By Jeff Capellini
It’s not like David Villa is starving for a championship, but it would really be a shame if his time in the Big Apple ends without one.
He has been a revelation, a prime-time performer extraordinaire.
The Spanish superstar may be the best athlete in New York sports right now. I realize that sentiment probably won’t be shared by many in this town, given the fact that it would take a miracle for soccer to ever command the same attention as the other major team sports.
But it would be wrong for anyone who fancies himself a serious sports fan to not at least acknowledge what this guy has been doing.
Villa has been nothing short of sensational since signing on as the first player in New York City FC history a little more than three years ago. He has been that rare high-priced talent that has actually lived up to the hype.
In a region of the country where “the beautiful game” is often viewed as a glorified youth participation sport by the old-school intelligentsia, NYCFC’s captain, who doubles as Major League Soccer’s reigning MVP, has performed as well, if not better, than any other athlete you can name.
Forget about what he accomplished during his prime years as a superstar striker for Spain in the World Cup and European Championship, or with legendary club sides FC Barcelona and Atletico Madrid in La Liga.
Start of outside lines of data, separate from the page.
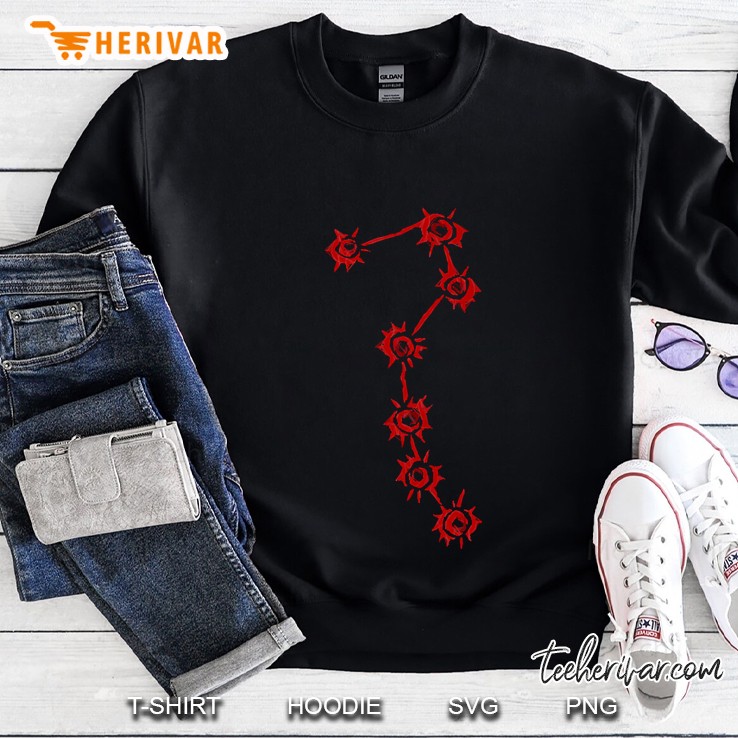 Seven Scars Sweatshirt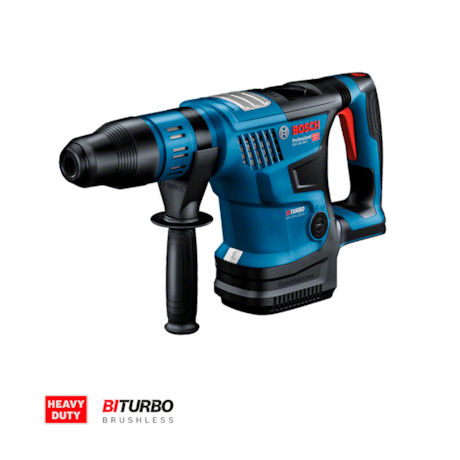 Martelete Perfurador Rompedor 18V sem Bateria sem Carregador BI-Turbo GBH 18V-36 C Bosch-b6432dbf-462e-42f5-999c-07a45c32ec59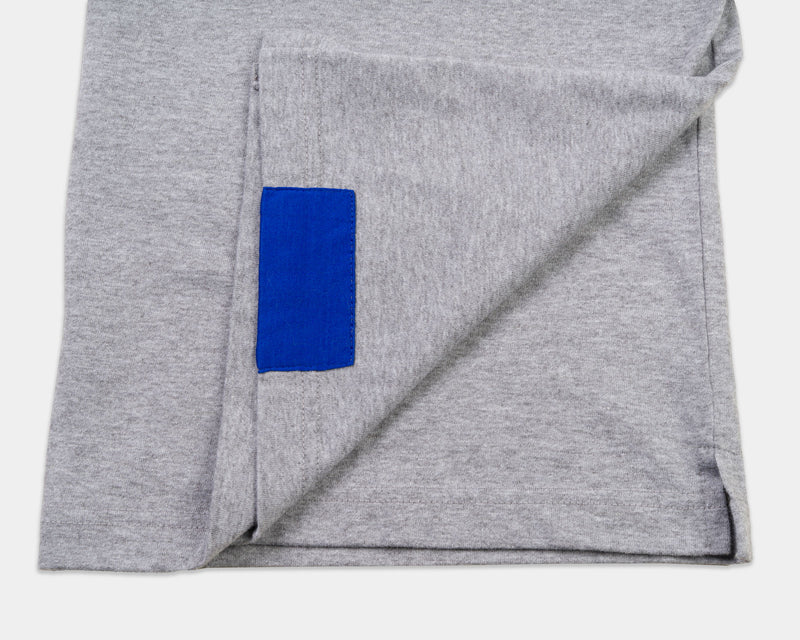 University Grey Short Sleeve T-shirt
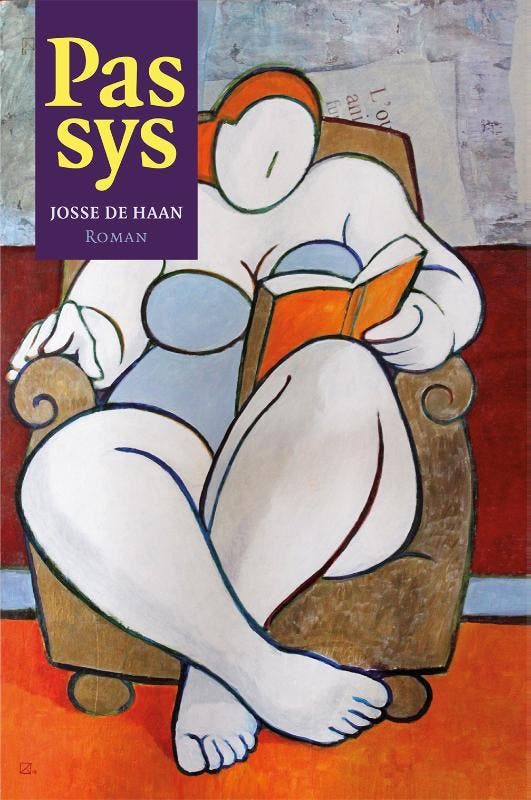Passys 9789493159501 Josse Haan, Boeken, Overige Boeken, Nieuw, Ophalen of Verzenden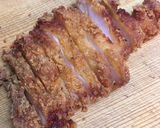 フライドチキン丼又は燻製とり天出汁茶漬け作り方5写真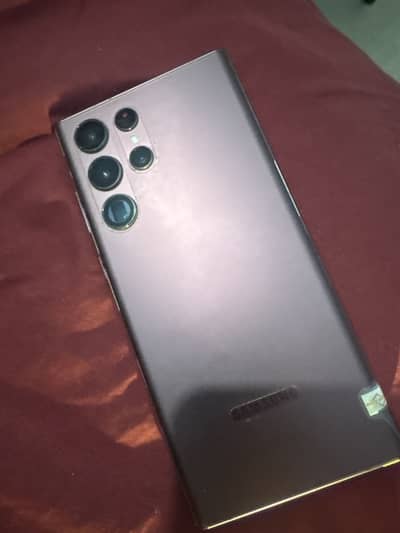 Samsung Mobile S22 Ultra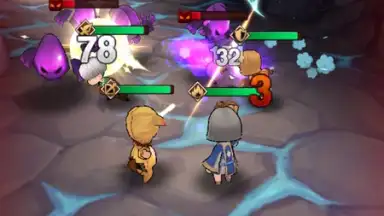 Fabled Heroes скриншот 2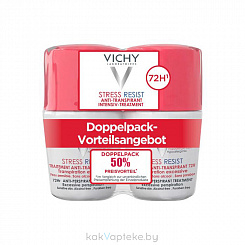 VICHY DEODORANTS Дуопак (Дезодорант шариковый 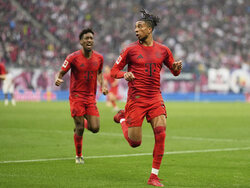 Germany Soccer Bundesliga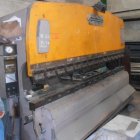 MEBUSA PROMECAM, RG-123, HYDRAULIC, PRESS BRAKES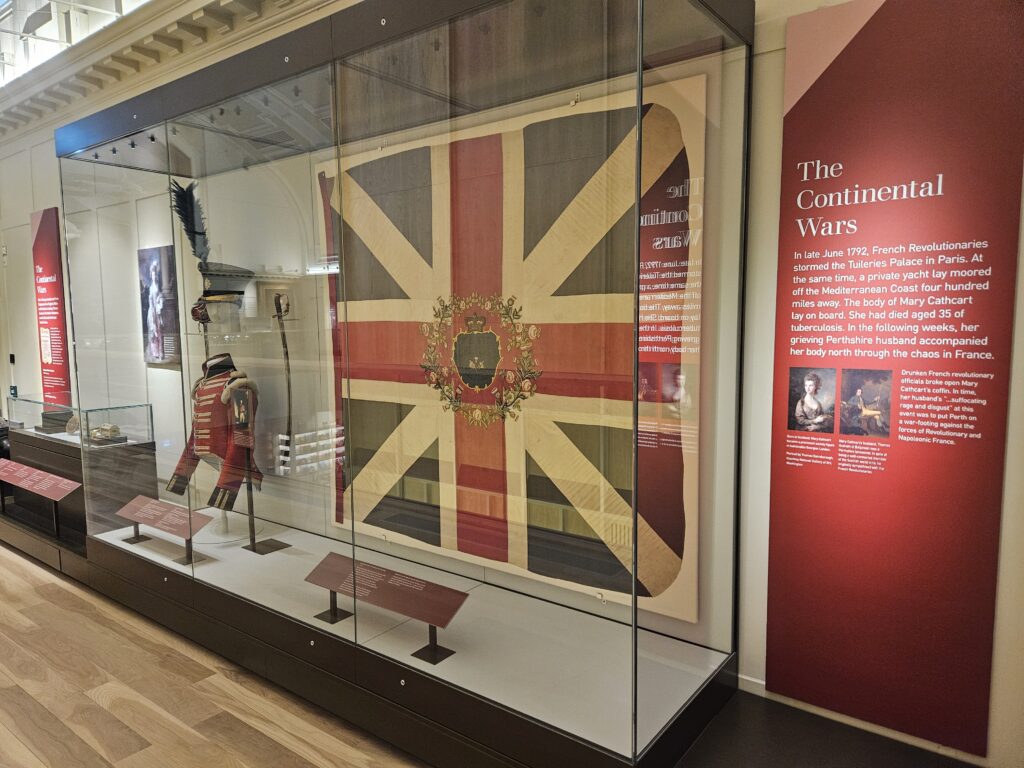 A Guerra Continental de 1792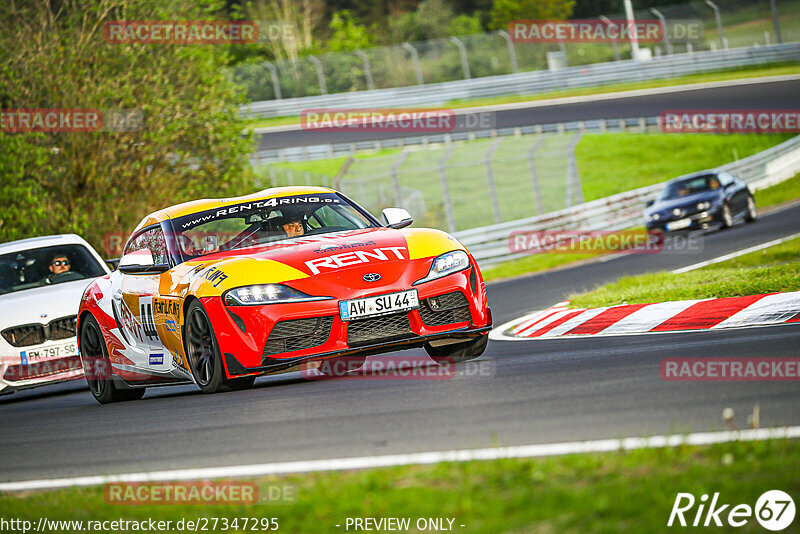 Bild #27347295 - Touristenfahrten Nürburgring Nordschleife (10.05.2024)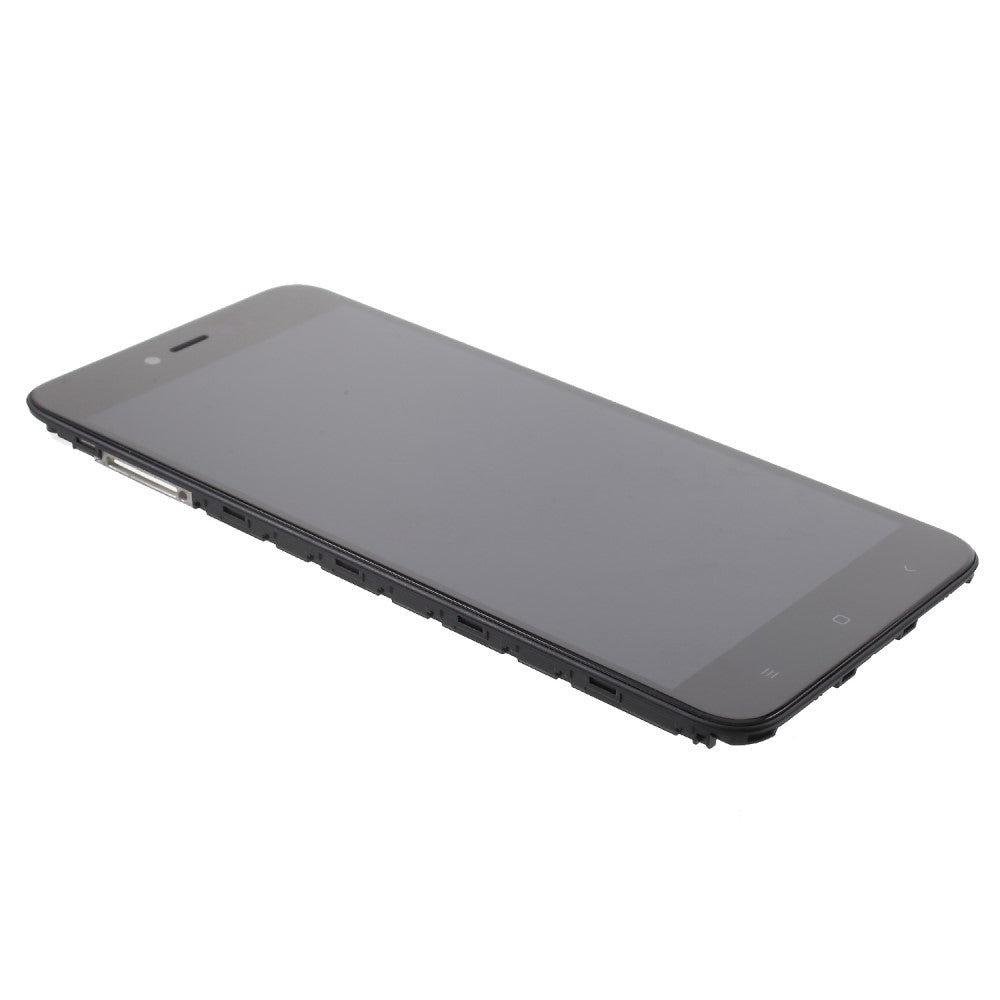 Ecran Complet LCD + Tactile + Châssis Xiaomi Redmi Note 5A Prime Noir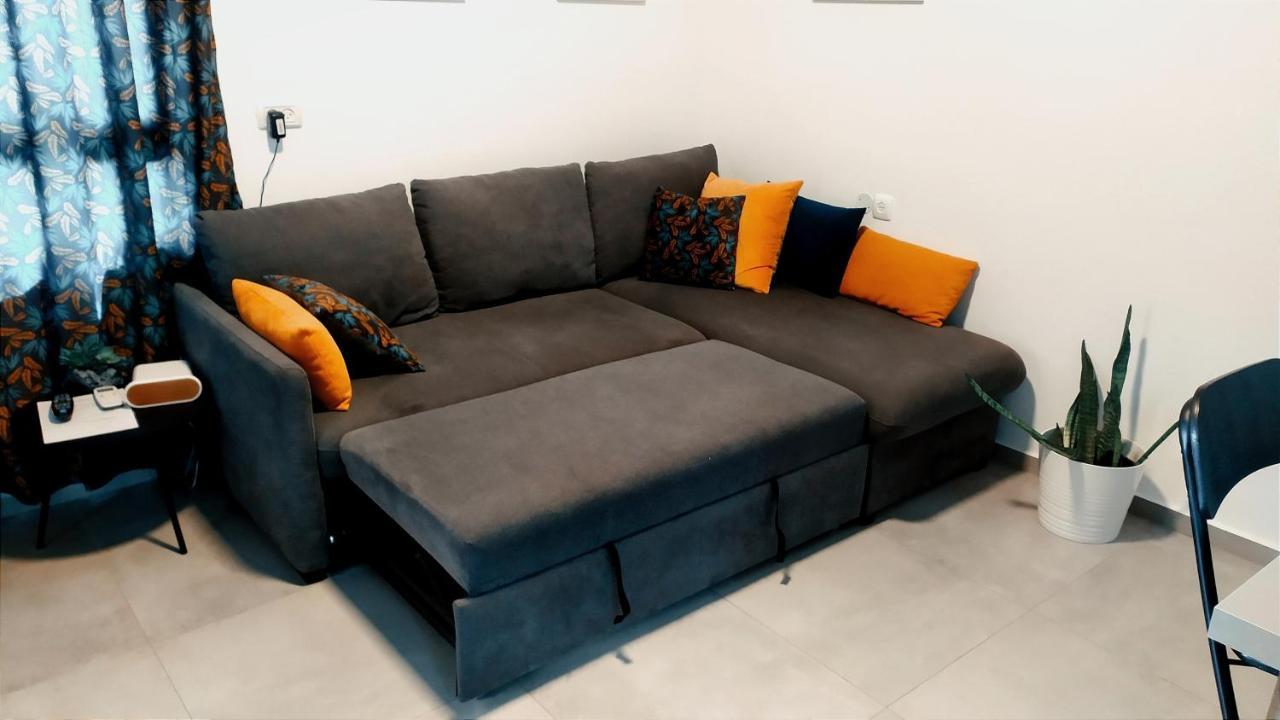 Apartament On The Sea Aszkelon Zewnętrze zdjęcie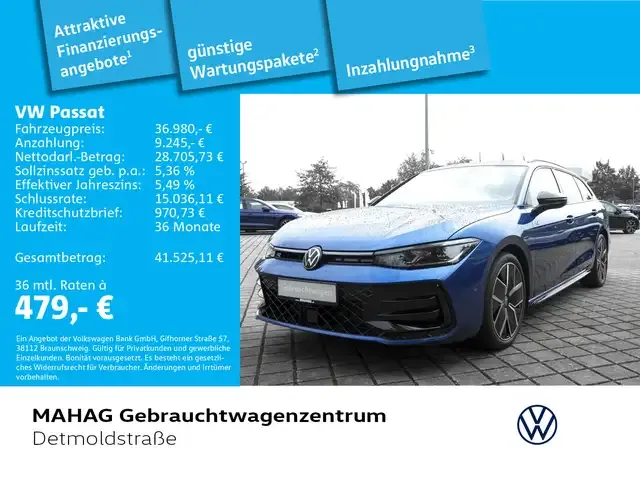 Volkswagen Passat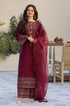 Allys - 3PC Lawn Embroidered Suit - RL0113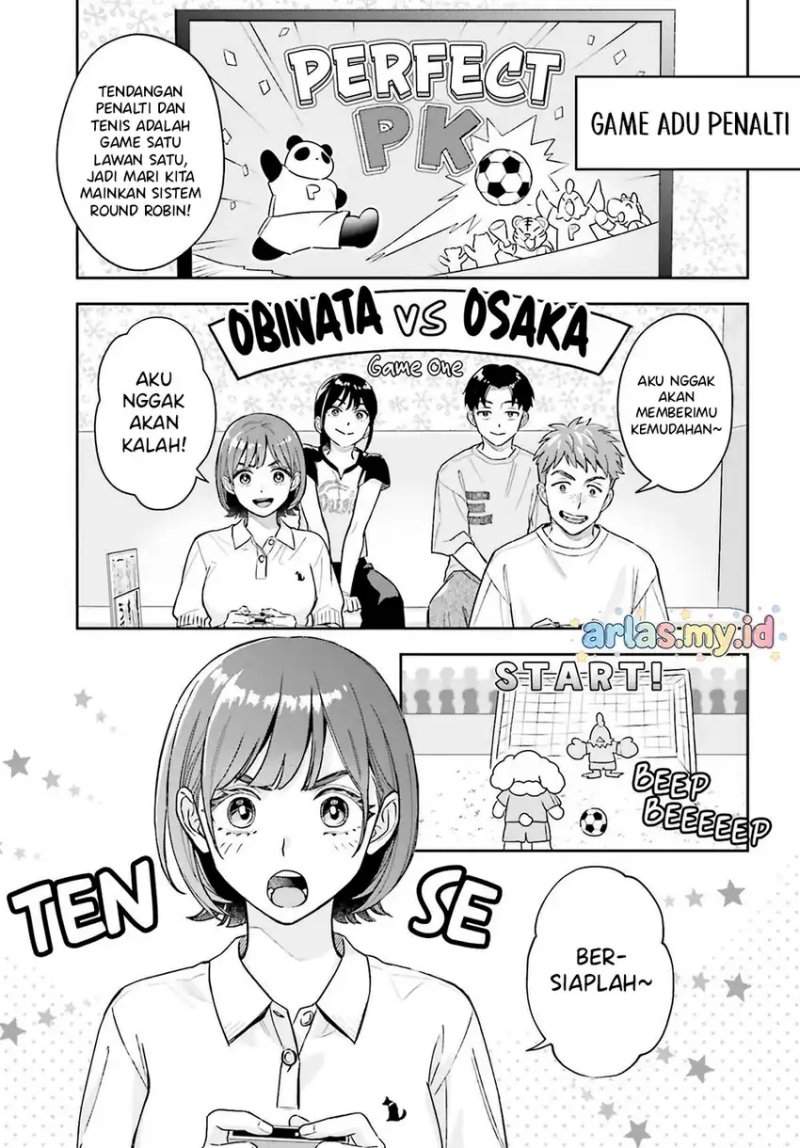 Boku no Kanojo wa Dekkawaii Chapter 10
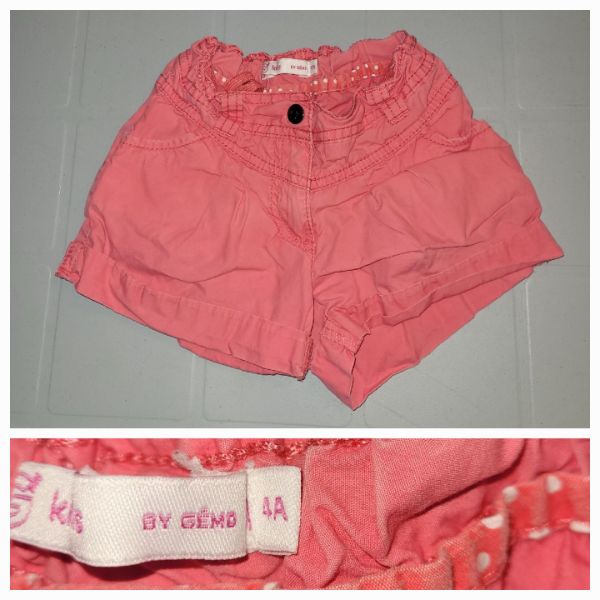 Bundles of shorts, Kids 4/4T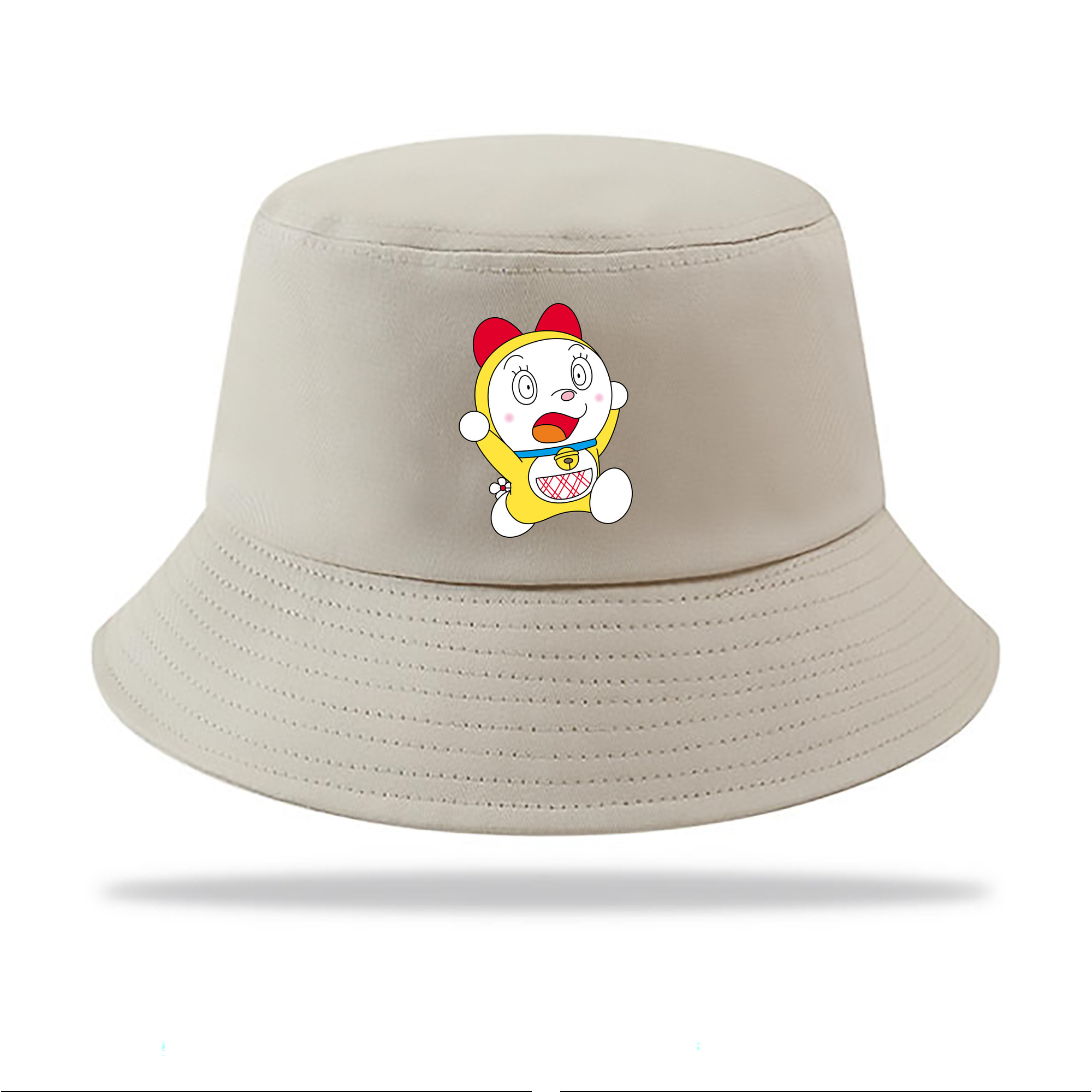 （画像用） ドラえもん ドラミ Doraemon Dorami アウトドア日除けバケットハット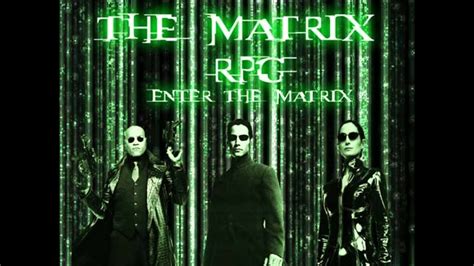 matrix theme youtube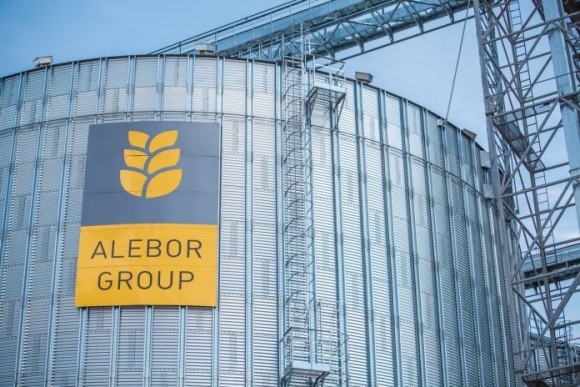 Група компаній Alebor Group в 2018 році збільшить потужності зі зберігання зернових на 60% фото, ілюстрація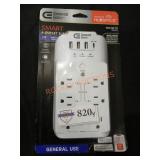 UNOPENED BY ROCKEY TEAM, MAY BE DAMAGED OR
I’m talking about the Villa we see now — a soon-to-be 36-year-old who is supposed to be showing some slow-down due to a grueling career that has been going on since he was a teenager.
But that hasn’t happened. Villa still plays the game with extremely high levels of speed, skill and passion. It has resulted in him scoring a remarkable 58 goals in 85 regular season games. He continues to be the top offensive performer in MLS, and that’s with opponents concocting specific defenses to bracket him on a nightly basis.
Just ask the Red Bulls, who had NYCFC beat this past Sunday at Yankee Stadium right up until when they lost track of Villa. The legendary striker completed his first MLS hat trick with two goals in the final 20 minutes as NYCFC made it two wins in as many tries against its hated rivals in league play this season with a 3-2, come-from-behind victory.
Villa’s complete game was on display throughout, and it drew rave reviews from many of the parties involved.
“David is our leader,” NYCFC head coach Patrick Vieira said. “When he is playing like that, that lifts the team, and players are behind him the whole way.
“When David is playing well, the team is playing well, and today … he was David.”
Added Red Bulls head coach Jesse Marsch: “What happens with high-quality guys is if you give them space, they hurt you. (Villa) is a quality player. There’s nothing else to say.”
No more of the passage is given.